Mr. Joseph has been fighting his case on two fronts. His lawyers have argued that the crime he committed is not a deportable offense. At the same time, they have said that Mr. Joseph should be set free.
Mr. Joseph came to the United States when he was 20 to join his mother. He was living in the Brownsville section of Brooklyn when he joined the Army in 1988, serving for eight years and fighting in Iraq, where he was injured during the war to oust Saddam Hussein’s forces from Kuwait. After receiving commendations and an honorable discharge in 1996, Mr. Joseph returned to Brooklyn, suffering from post-traumatic stress disorder, hearing loss, depression and other war-related ailments, his lawyers have said in court papers.

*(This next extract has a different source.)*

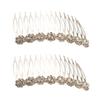 2pcs Bridal Headdress Full Diamond Suitcase Bags Small Organizer South Korea Silver Crown Hair Clip Bridal Hair Accessories Silicone Travel Tiara Comb Bride Wedding view 1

In 2001, he pleaded guilty in federal court to transporting or receiving firearms without a license after he bought guns for people to whom he owed money, said one of Mr. Joseph’s lawyers, Amrit Singh of the American Civil Liberties Union of New Jersey. He was sentenced to four years of probation.
According to the court papers, Mr. Joseph was “suffering from partial paralysis and debilitating depression” in 2003 when he moved into his mother’s house without telling his probation officer, a violation of his probation. He was sentenced to six months in jail, and when he completed that sentence in 2004, Mr. Joseph was taken into custody by immigration officials, who are seeking to deport him on the firearms conviction.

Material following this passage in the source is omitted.